# HW6: Variational Autoencoders


**STATS271/371: Applied Bayesian Statistics**

_Stanford University. Spring, 2021._

---

**Name:** _Your name here_

**Names of any collaborators:** _Names here_

*Due: 11:59pm Monday, May 17, 2021 via GradeScope*

---

Our goal is to learn the parameters $\Theta$ of a distribution over data, $p(x_n \mid \Theta)$. We assume a latent variable model of the following form:
$$
p(x_n \mid \Theta) = \int p(x_n \mid z_n, \Theta) \, p(z_n) \mathrm{d} z_n
$$
The prior $p(z_n)$ can be very simple (e.g. a standard Gaussian distribution) as long as the likelihood, $p(x_n \mid z_n, \Theta)$, is sufficiently flexible. Then the latent variable model can capture very complex data distributions.

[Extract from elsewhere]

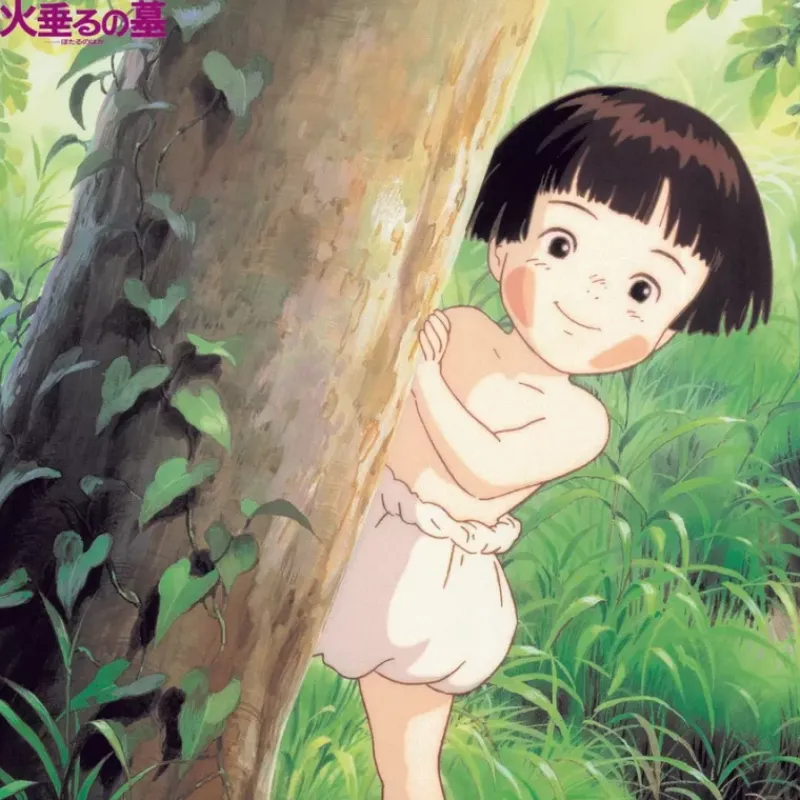 Maison Ghibli Soundtrack Limited edition LP - Grave of the Fireflies | Culture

Variational autoencoders (VAEs) are one way of training latent variable models like the one above. We'll build a very simple VAE in this homework assignment and apply it to a standard image dataset, the MNIST dataset of handwritten digits.

Assume the following functional forms for the latent variable model above,
\begin{align}
p(z_n) &= \mathcal{N}(z_n \mid 0, I) \\
p(x_n \mid z_n, \Theta) &= \mathcal{N}(f(z_n, w), \Sigma)
\end{align}
where $f$ is a nonlinear mapping from latent variables $z$ to expected observations $\mathbb{E}[x_n \mid z_n] = f(z_n, w)$. The full set of generative model parameters are $\Theta = (w, \Sigma)$. 

We'll use variational expectation-maximization (vEM) to learn the model parameters. This entails an inner inference step (the variational E-step) to approximate the posterior
\begin{align}
q(z_n; \lambda_n) &\approx p(z_n \mid x_n, \Theta).
\end{align}
Optimizing these variational parameters $\lambda_n$ for each data point can be very time consuming, involving many iterations of gradient ascent for each variational E-step.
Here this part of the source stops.